Universal Health Coverage is a conversation driven by discourse on removing financial barriers in access to health care for the most marginalised populations: who is covered, what services are covered and how financing for these groups and these services will be accomplished.
Sexual and reproductive health, on the other hand, has always been a conversation driven by discourse on ‘access’ which includes tackling the non-financial barriers: availability, acceptability, affordability, quality of services; discrimination; and inequalities caused by structural and social barriers such as gender, class, ethnicity, caste, sexual orientation and migrant status.
Hence we as advocates and activists cannot automatically assume that both these discourses will converge, and previous advocacy on the inclusion of a comprehensive SRH pack will be integrated at country level.
In recent meetings, it has become apparent that the models touted – talk about the concept of ‘pooled’ funds – some services free and fully funded or co-funded by governments, some services funded by a variety of payment schemes. In traditional insurance or payment schemes – only risks can be assessed and included – and pregnancy is almost always termed as ‘non-random’ and high probability for women unless the payment schemes are large enough to ensure effective risk pooling and cross subsidising.[1]
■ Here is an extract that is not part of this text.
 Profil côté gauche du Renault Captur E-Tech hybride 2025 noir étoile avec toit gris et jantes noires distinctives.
However, in many developing countries like my own which has seen a burgeoning of insurance schemes – Malaysia aims to have high health insurance coverage – something like 75-80%; but still contraception, abortion and maternal delivery services not covered by most private insurance schemes! So we have to be mindful and closely monitor, and look at what SRH services are being included, and what pool of funding is proposed for that particular service. We need to be very clear to governments and donors that UHC coming into play, does not necessarily mean coverage for all types of SRH services,[2] and for all groups of people.
In a recent seminar to ARROW staff, Dr Sundari Ravindran shared how gender is a critical component in health: “It is not only poor women who may have financial barriers to accessing health care; across all wealth quintiles, women have greater unmet need for health services.”[1]
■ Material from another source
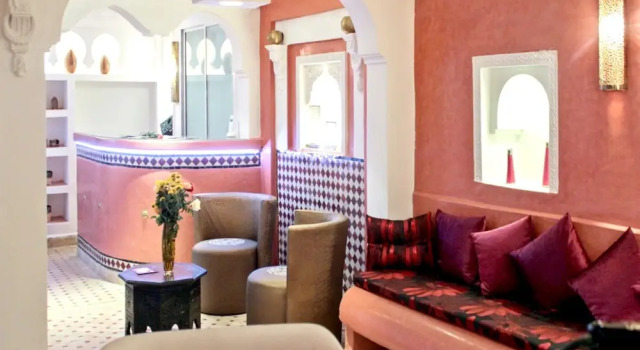 House With 6 Bedrooms in Marrakech, With Wonderful City View, Private, Забронировать Отель Отели Марракеш-Тенсифт-Эль-Хауз с парковкой, Парковка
Moreover, UHC at country level is taking place within a context where we see uneven progress towards achievement of SRH across all countries because political will for the comprehensive agenda has been lacking. At country level, SRH is a field dominated by battles over gender equality (autonomy and bodily rights in particular) and socio-economic inequity (who gets what services).
SRH subjects touch the most intimate part of life, relationships touched by this – and none so divided between ‘ideal’ behaviour and ‘real’ behaviour. In the past – this ideal perpetrates gender norms and presumption – sex is for pro-creation, rather than pleasure; sex is occurring within marriage, and that sex is heteronormative. In this, will UHC reinforce the perpetration of these ‘ideals’ in sexual and reproductive health behavior or will it address the socio-economic and gender imbalances in order to reach those who are really marginalised?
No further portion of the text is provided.